2019 Melanoma Facts and Figures:
- In 2019 in the US, an estimated 96,480 new cases of melanoma will be diagnosed, impacting 57,220 men and 39,260 women;
- In 2019 in the US, an estimated 7,230 deaths from melanoma are expected, comprised of 4,740 men and 2,490 women;
- The incidence of melanoma of the skin has risen rapidly over the past 30 years, with the incidence rate of melanoma increasing 3% per year from 2006 to 2015 among men and women ages 50 and older; but the incidence rate was stable in people younger than 50 during this same time period.
This data is incredibly useful for understanding trends in melanoma statistics over time and how melanoma research and new treatments – such as advances in immunotherapy and targeted therapy – may be impacting survival and outcomes across the entire population, not just in clinical trials.
Trends in mortality rates from melanoma, as reported, declined from 2007 to 2016. During this time period, the death rate for melanoma declined by about 2% per year in adults 50 years of age and older and by about 4% per year in those younger than 50. These data suggest that the several new treatments for melanoma approved over the last decade appear to be improving survival, and reducing mortality rates across the population. However, with an estimated 7,230 deaths this year from melanoma, more research is needed to develop new treatment options for all patients. Understanding the urgent need for new melanoma treatments, MRA has invested more than 90% of its research funding to date into the discovery and development of new treatments ($91 million of $101 million), including more than 96 unique new treatment approaches.
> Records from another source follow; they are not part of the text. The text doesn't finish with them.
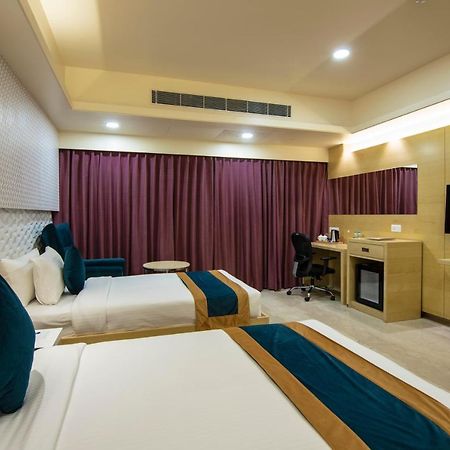Zion - A Luxurious Hotel Bangalore Bagian luar foto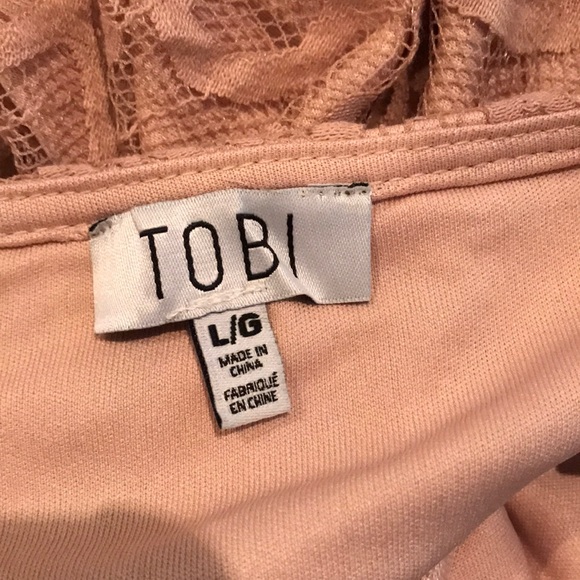 Dress - Picture 3 of 3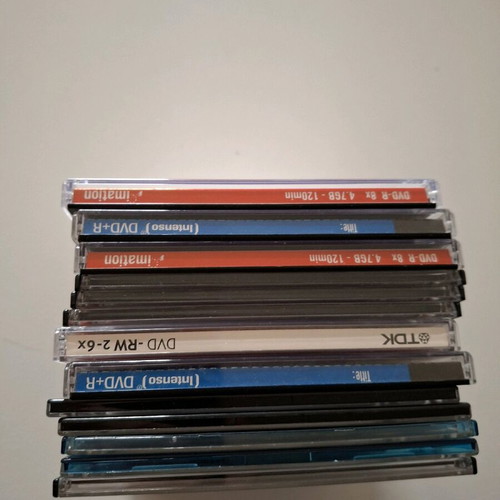 CD cases empty like new, pack of 13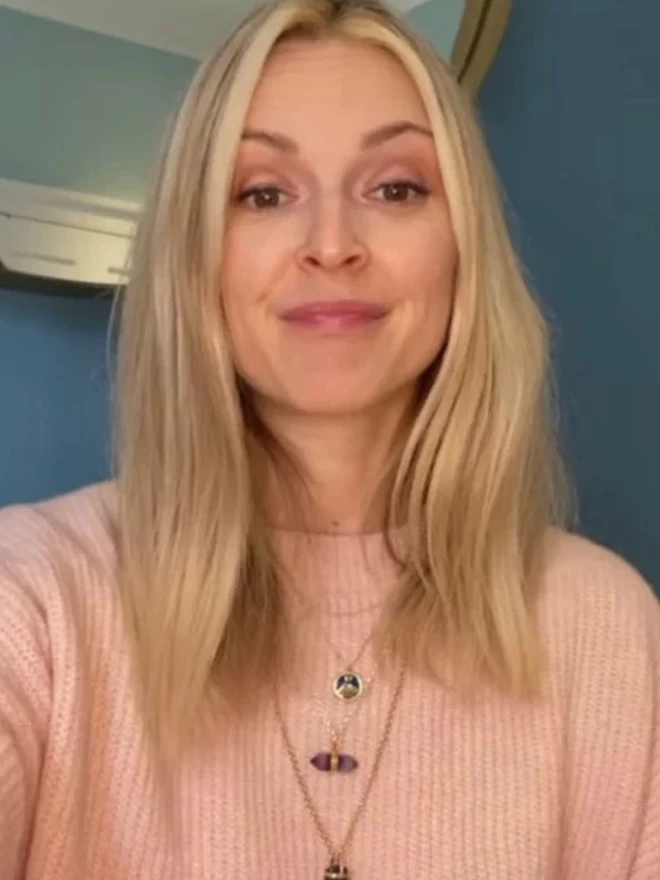 Fearne cotton wearing Balance necklace 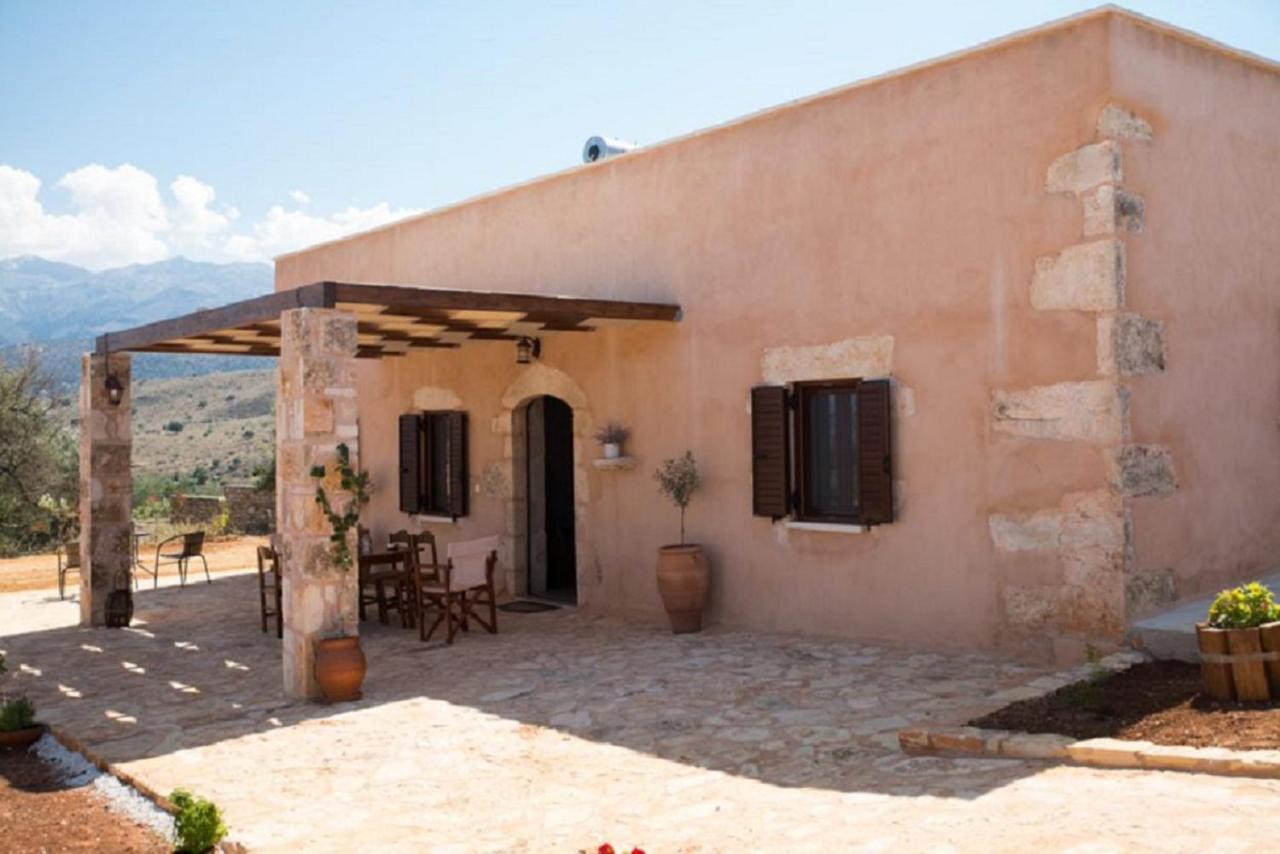Iliopetra * Beritiana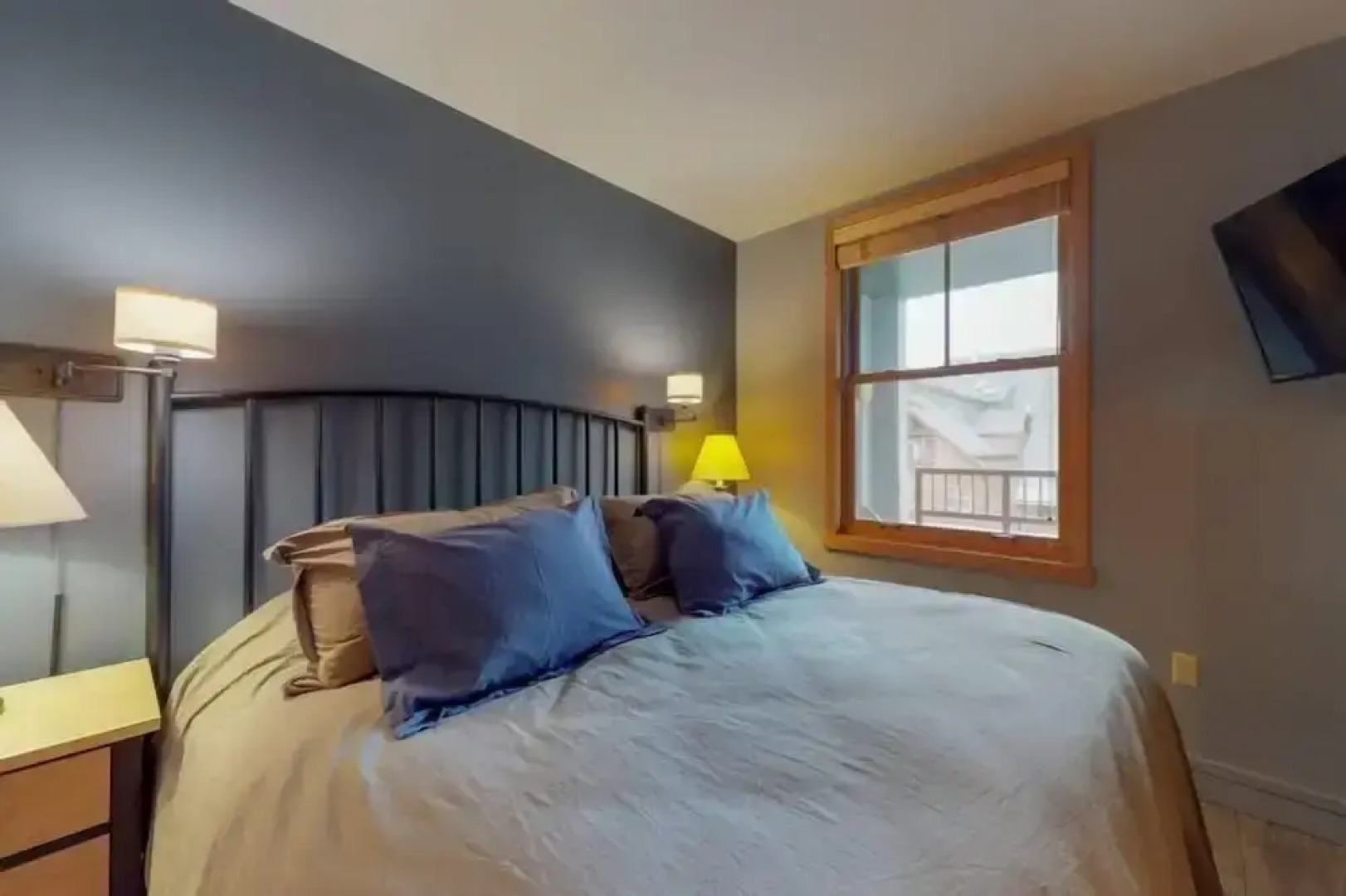 1 Bedroom Mountain Condo in River Run Village with Beautiful Mountain Views and Walking Distance to Ski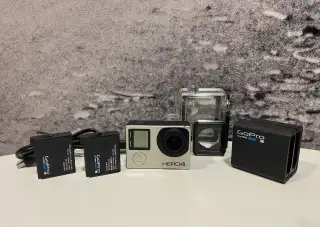 Kamera Go Pro Hero 4, pouzdro, nabíječka, 3 baterie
The new report from ACS shows that melanoma is the fifth most commonly diagnosed cancer in the U.S. among both men and women. More research is needed to understand the factors that increase a person’s risk and the most useful prevention strategies. MRA included research into early detection and prevention as an additional priority area in our most request solicitation for research proposals. New MRA melanoma research awards – in prevention, detection and developing new treatments – will be announced in the spring 2019.